Pictures with short captions
---------------
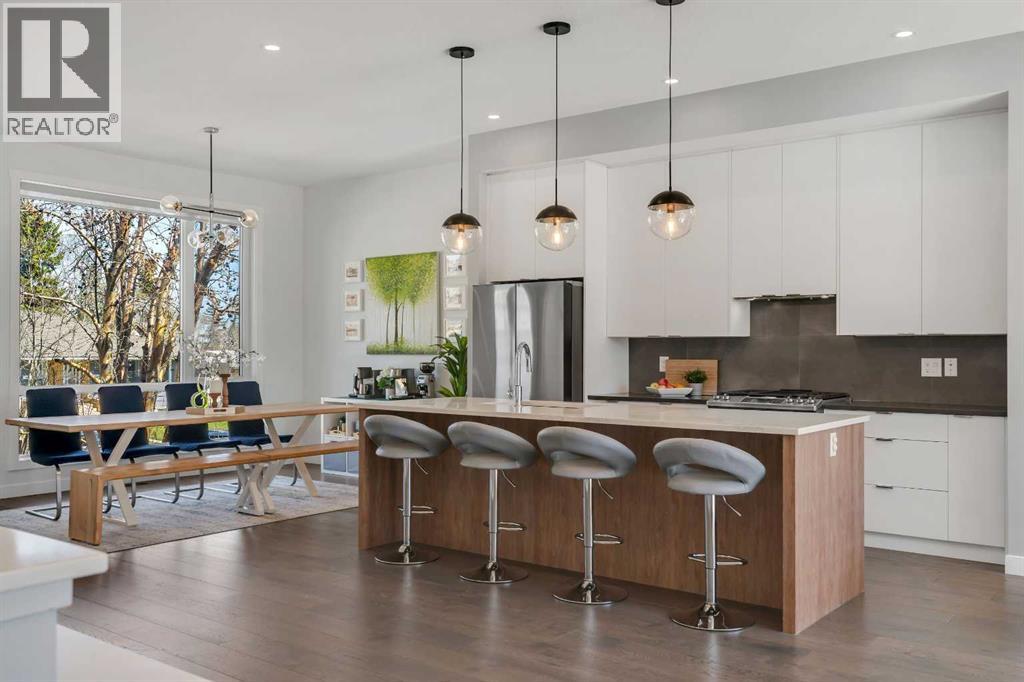 947 31 Avenue Nw, Calgary, Alberta  T2K 0A6 - Photo 4 - A2304183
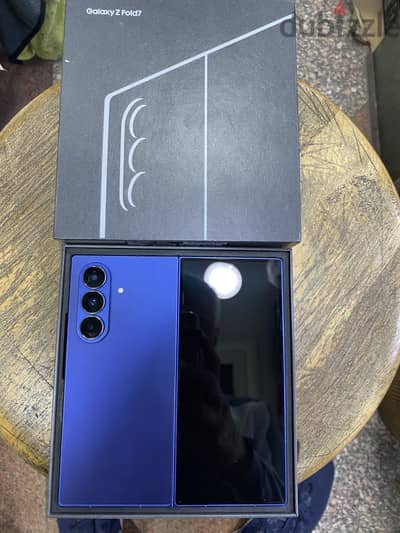 Galaxy Z Fold 7 dual sim 1TB 16G ram Blue كالجديد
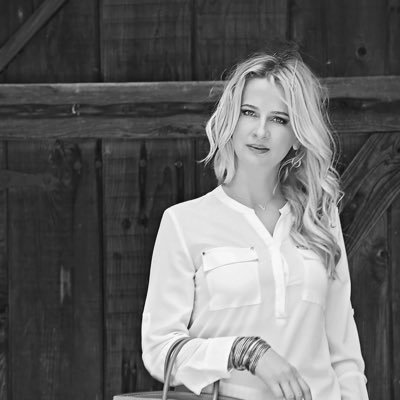 sylvialesiak's profile picture. 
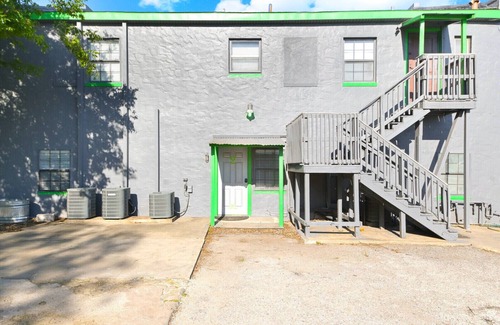 Denver Heights Apartamento | Spacious condo near ATT & more!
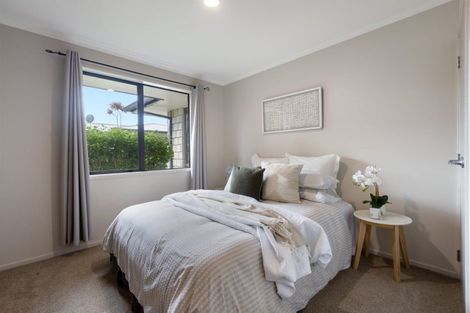 Photo of property in 8 Highlander Place, Welcome Bay, Tauranga, 3112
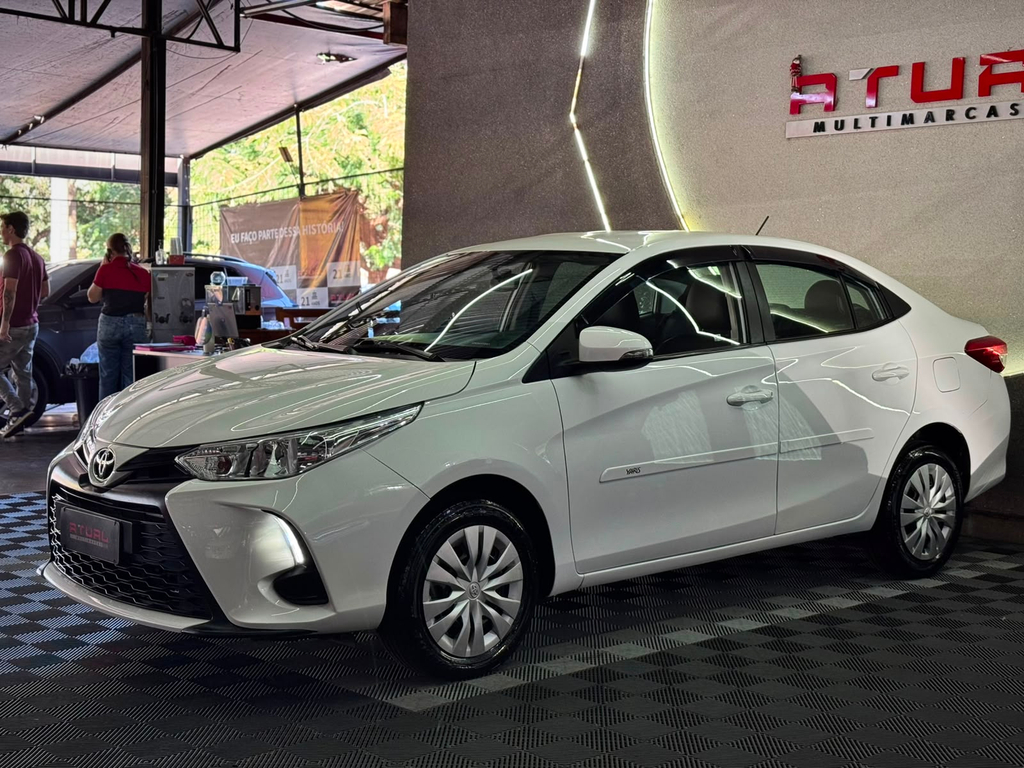 Toyota Yaris Branco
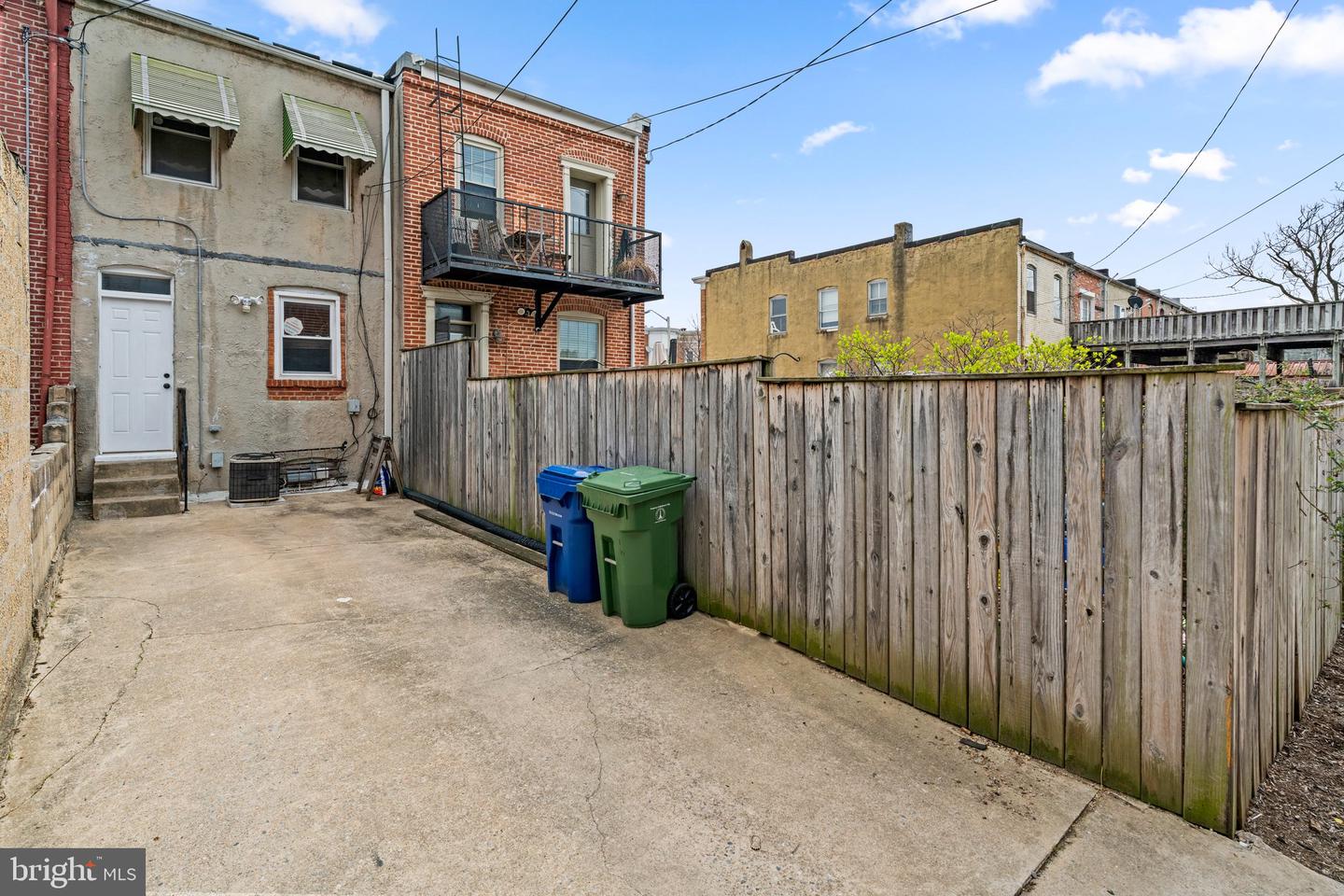 1320 S Carey St Property Photo 43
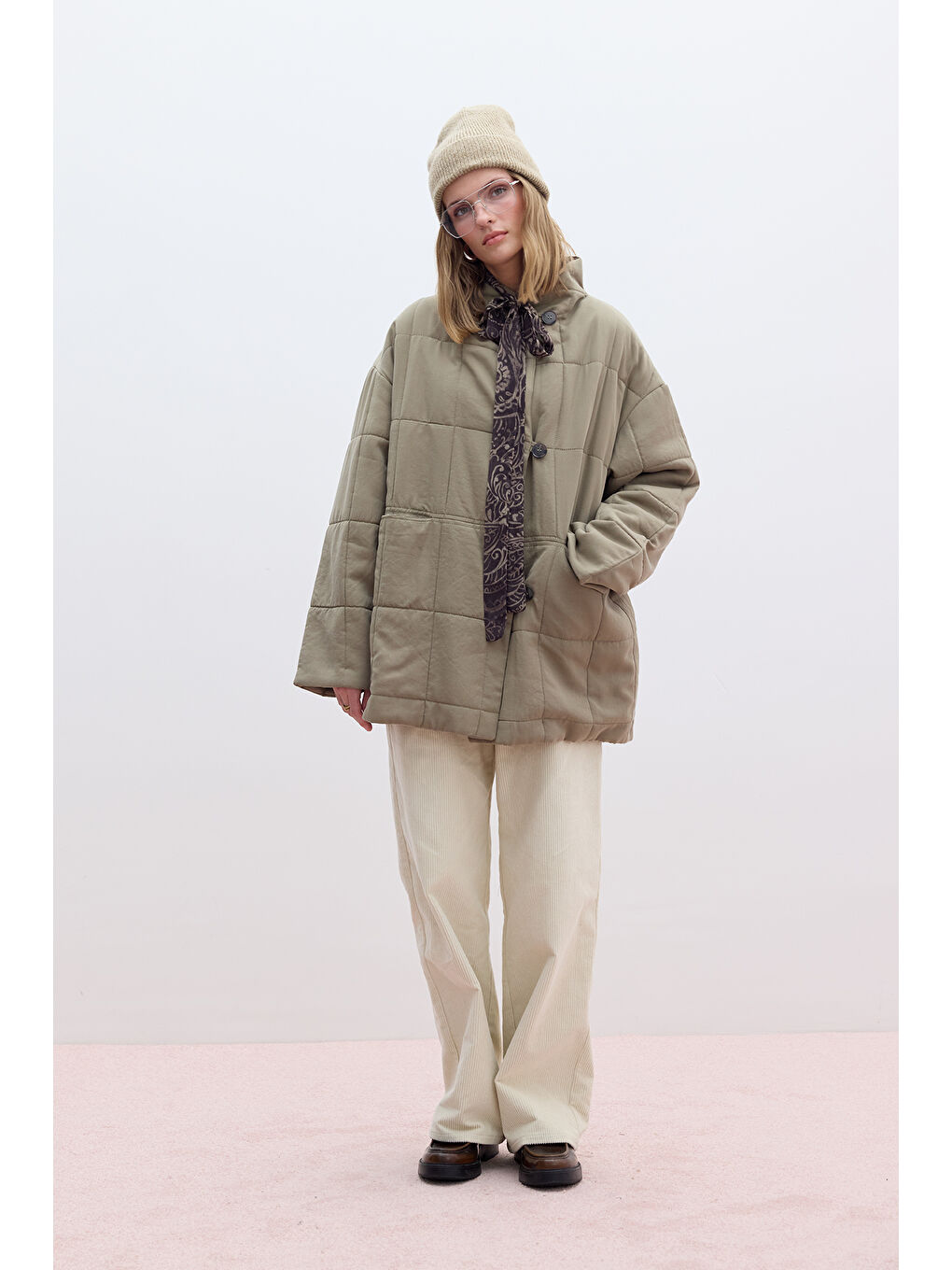 Yüksek Yaka Kapitone Mont Yeşil-2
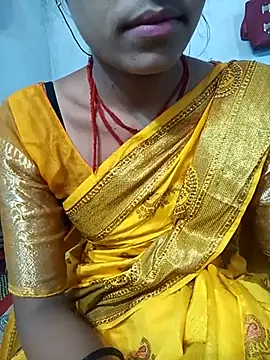 Snapshot of Amaya_Bajwa chatting on 5, 3, 2025 Amaya Bajwa online show from 5, 3, 2025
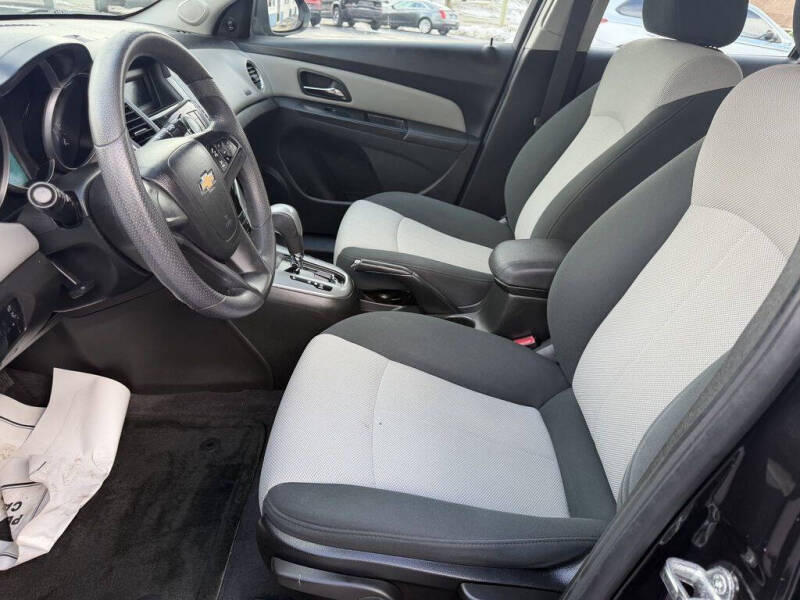 2011 Chevrolet Cruze LS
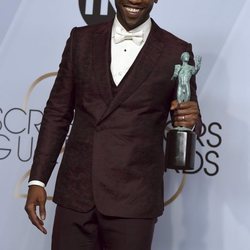 Mahershala Ali con su premio SAG 2019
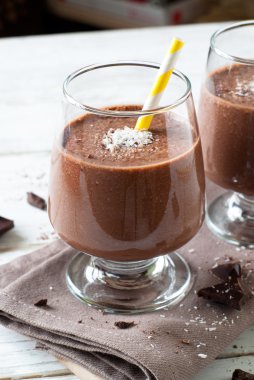 Çikolatalı muz smoothie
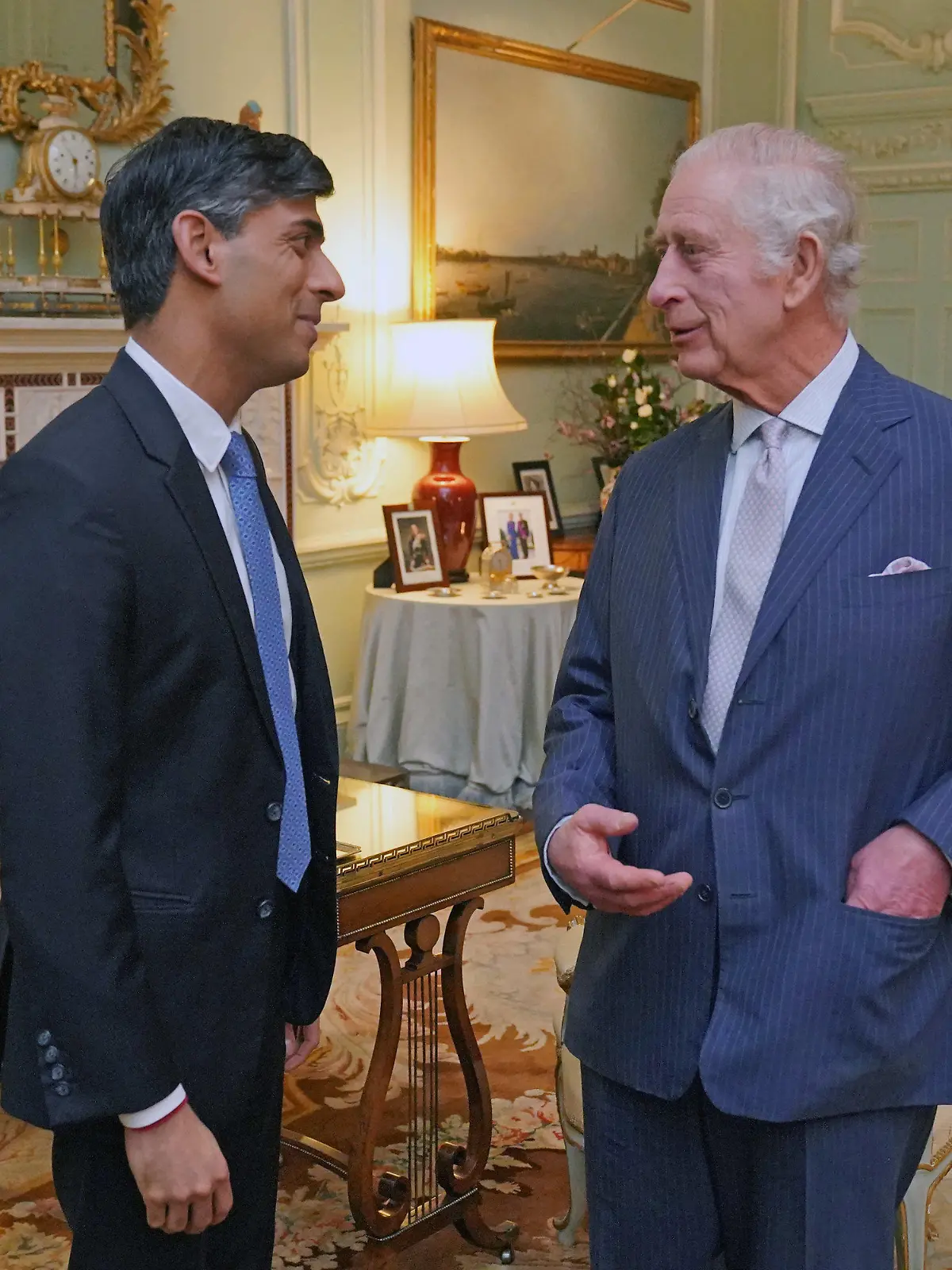 21.02.2024, Großbritannien, London: Der britische König Charles III. (r) spricht mit Rishi Sunak, Premierminister von Großbritannien, im Buckingham Palace, während der ersten persönlichen Audienz seit der Krebsdiagnose des Königs. Foto: Jonathan Brady/PA Wire/dpa +++ dpa-Bildfunk +++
---------------
Task details:
Text only, no pictures: please print exactly the lines above from the line with "Denver Heights Apartamento" up to and including the line with "Snapshot of Amaya_Bajwa", and nothing else.

Solution to this exercise:
 Denver Heights Apartamento | Spacious condo near ATT & more!
 Photo of property in 8 Highlander Place, Welcome Bay, Tauranga, 3112
 Toyota Yaris Branco
 1320 S Carey St Property Photo 43
 Yüksek Yaka Kapitone Mont Yeşil-2
 Snapshot of Amaya_Bajwa chatting on 5, 3, 2025 Amaya Bajwa online show from 5, 3, 2025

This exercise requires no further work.